Character Building part 3

Another important part of creating a character is giving them a background story that makes sense.  For example, it is doubtful (although not impossible) that a person coming from an abusive background is going to be a completely stable person with great self-esteem.

Using my book Vampires Rule as an example, I can tell you that I started with the kind of person I wanted Jack to be.  He's a bit naiive when it comes to other people and isn't real good at picking friends.  I wanted him to be drawn in by the villain, but I didn't want Jack to appear stupid.  I knew from the beginning that Jack's parents would be dead when the story started... but what kind of relationship did he have with them?  What kind of relationship did he have with his father?

In order for the book to work, I decided Jack would have had a father who didn't show emotion easily.  He was more likely to slap his son on the back for a job well done than to hug him or say he loved him.  Still, Jack misses that.  He misses having that father-figure in his life... then here comes the antagonist.  Although the villain is in his thirties, he's charasmatic, intelligent, and knows just what buttons to push to get Jack on his side. 

In closing, remember to look at the character's backstory when fleshing them out.  It needs to make sense. Think about it.  We spend our entire adult lives trying to get over our childhood (unless you had a perfect one, which most of us haven't).  Happy writing.


Anonymous said...

The best test for characters that I have heard was from Redlettermedia's review of Star Wars Ep 1.

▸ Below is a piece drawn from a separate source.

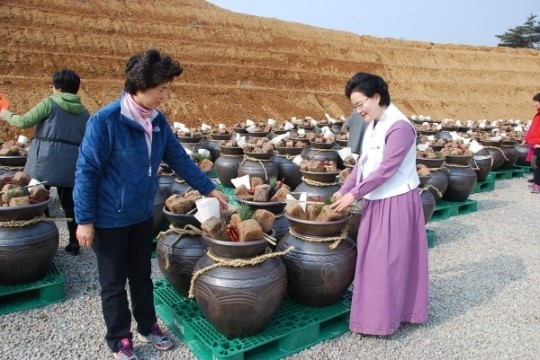 서산. 영농법인서림. 된장 담그기 축제 성료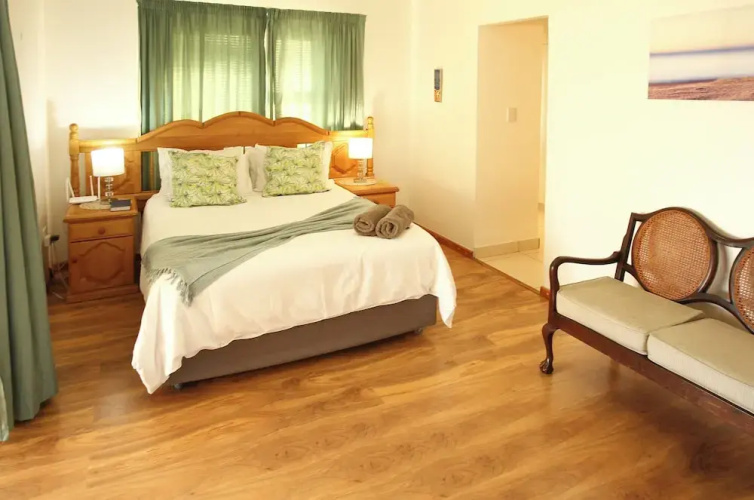 Sa-Ais, Langebaan 6-sleeper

Harry S. Plinkett (fictional character lol) said that a good character can be described in more ways than a character who is not well written. This is not the end all of character creation, but it helps us keep our characters from being cookie cutters.

Anonymous said...

I suppose those lucky few who DID have perfect childhoods spend the rest of their lives trying to bridge that gulf with the rest of humanity...

K. C. Blake said...

That's probably true, but I've never met anyone who had a great childhood, so I wouldn't know.